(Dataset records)
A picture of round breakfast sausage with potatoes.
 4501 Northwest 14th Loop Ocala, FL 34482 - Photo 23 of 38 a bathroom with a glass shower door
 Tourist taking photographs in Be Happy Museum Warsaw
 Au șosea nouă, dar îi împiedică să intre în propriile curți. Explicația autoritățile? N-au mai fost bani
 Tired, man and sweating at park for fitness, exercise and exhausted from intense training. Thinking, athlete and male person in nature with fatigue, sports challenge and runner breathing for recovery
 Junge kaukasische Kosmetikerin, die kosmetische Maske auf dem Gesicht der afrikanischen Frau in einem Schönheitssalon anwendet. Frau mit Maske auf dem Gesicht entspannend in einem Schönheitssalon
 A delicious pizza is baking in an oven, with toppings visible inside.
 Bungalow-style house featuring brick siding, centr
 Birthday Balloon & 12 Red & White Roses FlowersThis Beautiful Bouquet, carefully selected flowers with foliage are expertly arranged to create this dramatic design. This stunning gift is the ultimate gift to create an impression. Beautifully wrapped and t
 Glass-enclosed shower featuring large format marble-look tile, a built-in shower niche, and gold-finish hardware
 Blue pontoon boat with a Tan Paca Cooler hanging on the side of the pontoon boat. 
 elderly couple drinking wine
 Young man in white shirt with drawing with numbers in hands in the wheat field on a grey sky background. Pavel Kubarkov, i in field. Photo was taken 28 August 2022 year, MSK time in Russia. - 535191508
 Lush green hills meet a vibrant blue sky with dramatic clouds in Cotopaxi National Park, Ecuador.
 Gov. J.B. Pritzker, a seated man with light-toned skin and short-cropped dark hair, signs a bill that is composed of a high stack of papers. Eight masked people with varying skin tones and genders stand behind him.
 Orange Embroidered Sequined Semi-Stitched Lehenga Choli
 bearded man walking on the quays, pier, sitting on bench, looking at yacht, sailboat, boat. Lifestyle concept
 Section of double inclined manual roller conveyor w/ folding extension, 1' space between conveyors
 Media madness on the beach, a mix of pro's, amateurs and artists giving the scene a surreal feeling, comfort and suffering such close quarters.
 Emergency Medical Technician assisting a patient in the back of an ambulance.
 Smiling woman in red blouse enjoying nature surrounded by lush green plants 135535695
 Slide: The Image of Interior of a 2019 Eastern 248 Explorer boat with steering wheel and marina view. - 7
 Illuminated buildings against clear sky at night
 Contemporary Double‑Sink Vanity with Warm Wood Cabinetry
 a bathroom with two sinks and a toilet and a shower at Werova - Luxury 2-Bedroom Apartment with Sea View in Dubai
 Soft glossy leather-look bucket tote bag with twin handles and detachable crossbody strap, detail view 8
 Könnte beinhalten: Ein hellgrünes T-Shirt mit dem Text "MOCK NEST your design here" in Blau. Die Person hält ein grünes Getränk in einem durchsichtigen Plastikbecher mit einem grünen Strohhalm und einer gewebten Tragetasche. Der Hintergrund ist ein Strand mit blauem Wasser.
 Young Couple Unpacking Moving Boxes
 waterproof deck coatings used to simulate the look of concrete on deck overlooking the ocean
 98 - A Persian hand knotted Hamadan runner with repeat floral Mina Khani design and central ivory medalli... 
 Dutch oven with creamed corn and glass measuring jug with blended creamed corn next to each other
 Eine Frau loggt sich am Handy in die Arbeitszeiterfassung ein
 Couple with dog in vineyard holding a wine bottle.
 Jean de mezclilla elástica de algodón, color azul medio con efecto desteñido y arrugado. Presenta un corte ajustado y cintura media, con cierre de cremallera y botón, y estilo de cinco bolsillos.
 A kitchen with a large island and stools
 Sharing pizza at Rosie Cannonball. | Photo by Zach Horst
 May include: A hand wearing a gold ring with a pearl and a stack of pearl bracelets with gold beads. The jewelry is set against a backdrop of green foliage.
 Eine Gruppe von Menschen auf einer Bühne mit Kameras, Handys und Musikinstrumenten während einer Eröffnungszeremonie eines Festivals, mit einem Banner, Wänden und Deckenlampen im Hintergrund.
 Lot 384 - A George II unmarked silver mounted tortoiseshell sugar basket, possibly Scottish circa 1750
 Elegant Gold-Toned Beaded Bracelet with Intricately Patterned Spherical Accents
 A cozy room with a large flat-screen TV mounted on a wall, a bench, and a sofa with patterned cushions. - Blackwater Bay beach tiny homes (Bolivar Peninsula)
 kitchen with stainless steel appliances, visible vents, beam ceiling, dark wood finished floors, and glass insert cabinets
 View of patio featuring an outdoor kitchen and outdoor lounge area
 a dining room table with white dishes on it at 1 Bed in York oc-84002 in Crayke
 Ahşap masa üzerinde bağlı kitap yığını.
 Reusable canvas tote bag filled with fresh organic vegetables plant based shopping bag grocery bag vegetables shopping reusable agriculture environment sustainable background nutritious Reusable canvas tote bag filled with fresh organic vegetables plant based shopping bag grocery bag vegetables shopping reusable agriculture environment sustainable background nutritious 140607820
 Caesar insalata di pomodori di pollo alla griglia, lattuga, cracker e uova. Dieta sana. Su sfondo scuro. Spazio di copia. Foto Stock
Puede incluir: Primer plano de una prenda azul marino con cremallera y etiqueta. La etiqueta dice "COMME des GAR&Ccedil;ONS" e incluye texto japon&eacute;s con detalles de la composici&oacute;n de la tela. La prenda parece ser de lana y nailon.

To do
An exact copy of the lines above, from the one containing "Bungalow-style house featuring" through the one containing "Emergency Medical Technician", is the whole of the answer.

Output below
 Bungalow-style house featuring brick siding, centr
 Birthday Balloon & 12 Red & White Roses FlowersThis Beautiful Bouquet, carefully selected flowers with foliage are expertly arranged to create this dramatic design. This stunning gift is the ultimate gift to create an impression. Beautifully wrapped and t
 Glass-enclosed shower featuring large format marble-look tile, a built-in shower niche, and gold-finish hardware
 Blue pontoon boat with a Tan Paca Cooler hanging on the side of the pontoon boat. 
 elderly couple drinking wine
 Young man in white shirt with drawing with numbers in hands in the wheat field on a grey sky background. Pavel Kubarkov, i in field. Photo was taken 28 August 2022 year, MSK time in Russia. - 535191508
 Lush green hills meet a vibrant blue sky with dramatic clouds in Cotopaxi National Park, Ecuador.
 Gov. J.B. Pritzker, a seated man with light-toned skin and short-cropped dark hair, signs a bill that is composed of a high stack of papers. Eight masked people with varying skin tones and genders stand behind him.
 Orange Embroidered Sequined Semi-Stitched Lehenga Choli
 bearded man walking on the quays, pier, sitting on bench, looking at yacht, sailboat, boat. Lifestyle concept
 Section of double inclined manual roller conveyor w/ folding extension, 1' space between conveyors
 Media madness on the beach, a mix of pro's, amateurs and artists giving the scene a surreal feeling, comfort and suffering such close quarters.
 Emergency Medical Technician assisting a patient in the back of an ambulance.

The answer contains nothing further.